YOUR ASSIGNMENT: Apart from the pictures, every line below is to be set down exactly.

(Beginning of SUPPLIED DATA)

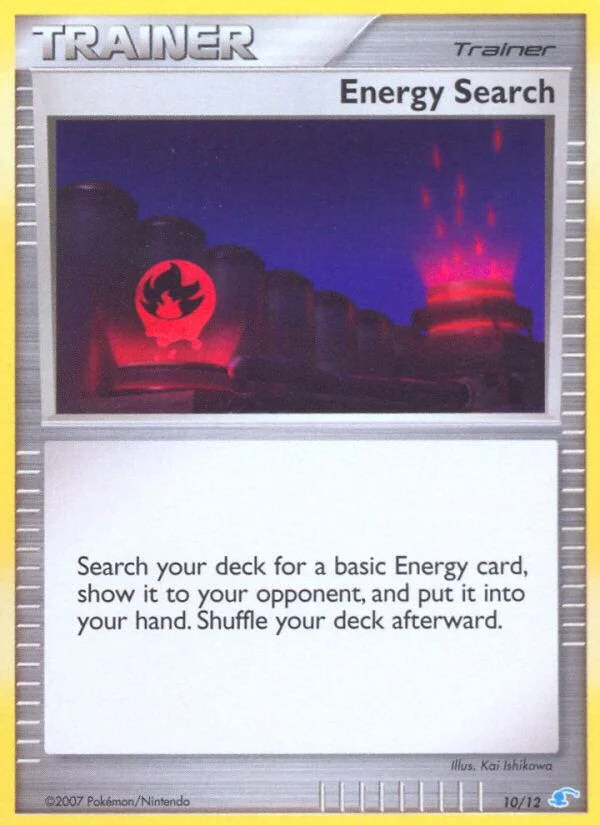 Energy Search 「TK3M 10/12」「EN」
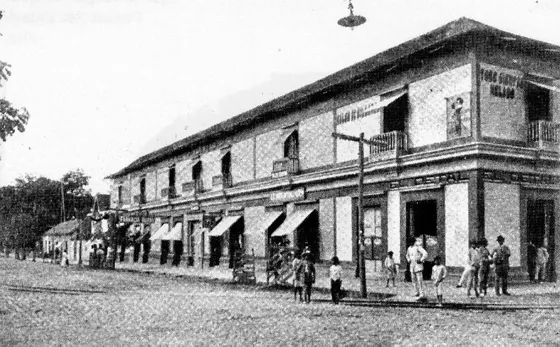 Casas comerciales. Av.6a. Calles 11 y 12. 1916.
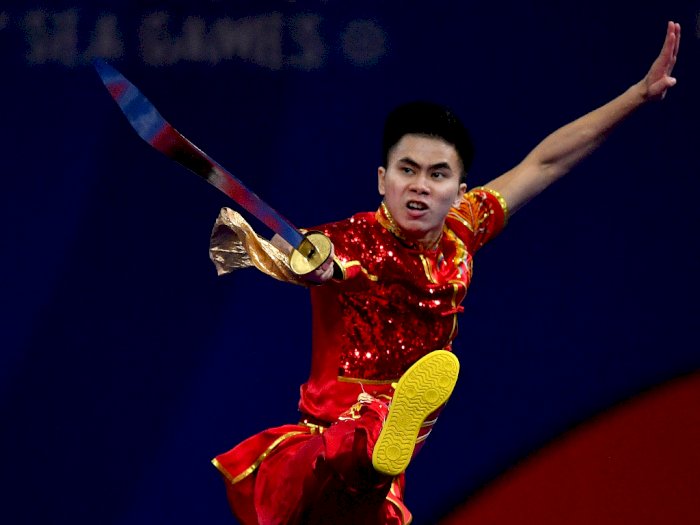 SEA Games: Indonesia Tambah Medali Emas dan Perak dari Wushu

(End of SUPPLIED DATA)

ANSWER AREA:
 Energy Search 「TK3M 10/12」「EN」
 Casas comerciales. Av.6a. Calles 11 y 12. 1916.
 SEA Games: Indonesia Tambah Medali Emas dan Perak dari Wushu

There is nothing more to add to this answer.